After riding my bicycle around on Sundays, I try to make it to the Prado for an hour or so before it closes. Three Sundays ago, I went southwest; two Sundays ago, I went northeast. Last Sunday, after a picnic with friends, I went to the Casa de Campo, which is a sprawling park that was once royal hunting grounds. Now, strangely, it's full of prostitutes: I had been told this but didn't believe it. For the first twenty minutes or so that I was riding my bicycle around, I didn't see any, and it just seemed like a regular extremely large park. At some point though, when I was riding back to town from the teleférico (cable car), I noticed that, standing along the side of the road, were prostitutes wearing barely anything. For miles. Bizarre. This is in the middle of the woods, people.
This Sunday, I just took laps around the Buen Retiro Park. I started off by taking laps in the park, but eventually I got fed up at all of the people just ambling and decided to play on the road that surrounds it. It's not too bad, actually, even though the traffic is at a fairly quick clip; circulation is clockwise for the entire park, and there aren't too many hazards to watch for. One major annoyance, though, is that cars here double park, even on busy roads, and don't leave hazard lights on, or they just sit in what is obviously a traffic lane and wait for a car to leave, and I don't mean a car that's about to leave: they just sit there and wait. Madness.

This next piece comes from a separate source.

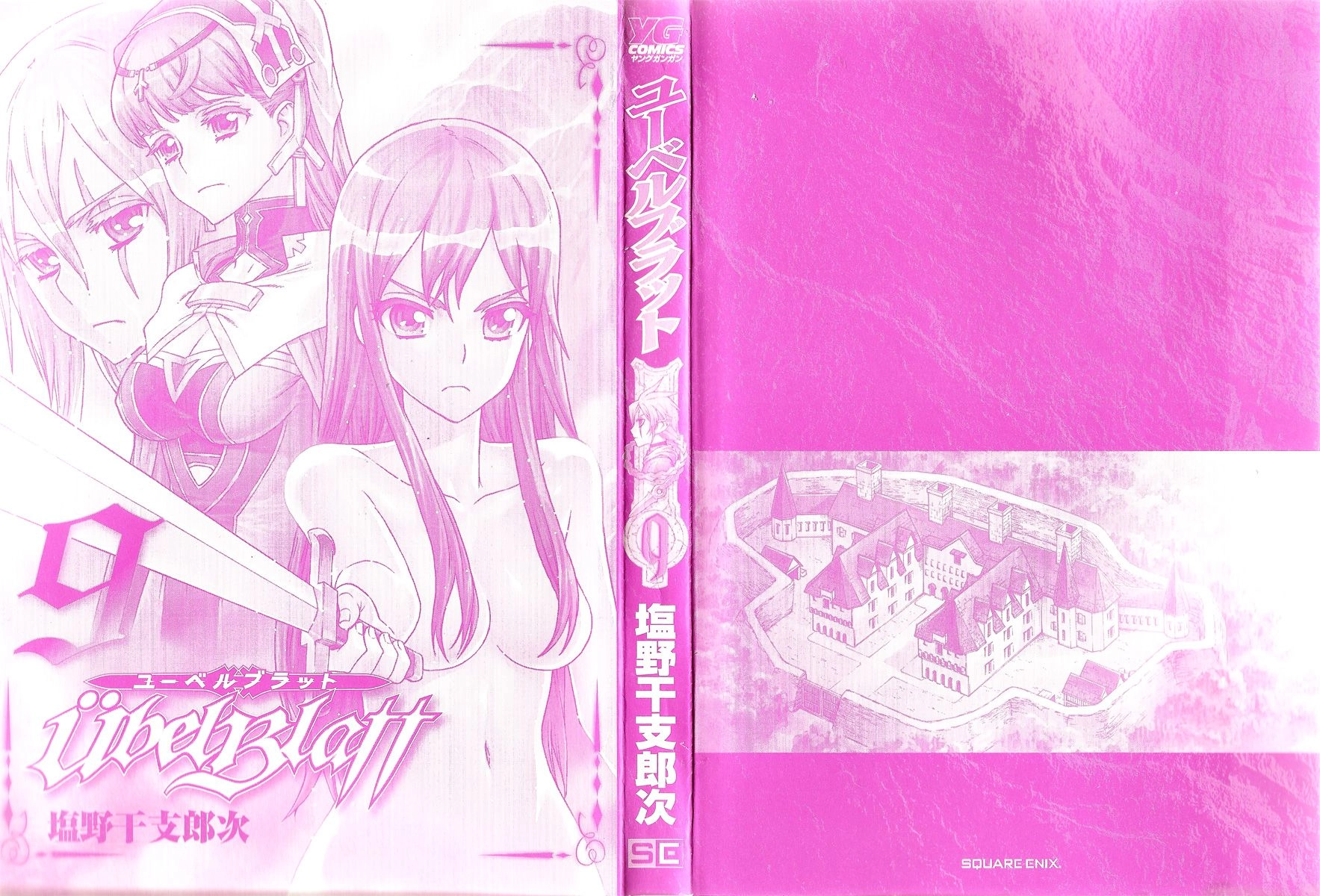 Ubel Blatt Chapter 77 - 3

Another thing that drives me batty about Madrid is that absolutely everything is under construction. Around the Buen Retiro, a tunnel is being expanded, some roads are being worked on, and some paths in the park are being worked on. A fair number of plazas are under major repairs (largely for metro work--did I mention that an entire metro line was closed for repairs when I got here? A small stretch of it has since re-opened) and everything is far behind schedule (which is par for the course in construction universally, I suppose.)
The outskirts of Madrid are under major construction: sprawl goes for miles. There are hundreds of apartment buildings with maybe a couple of hundred people (estimating by the lack of cars and traffic) living in a place designed to hold thousands. Where I rode my bicycle two weekends ago (to Alcobendas, beyond the Northeastern reached of the city) is having an entire new metro line built. Apparently, there's a bike path out there; when I asked people where it was, they said, "oh, well, it starts right over there, but it doesn't really go anywhere yet" (I'm translating and paraphrasing, but you get the picture.)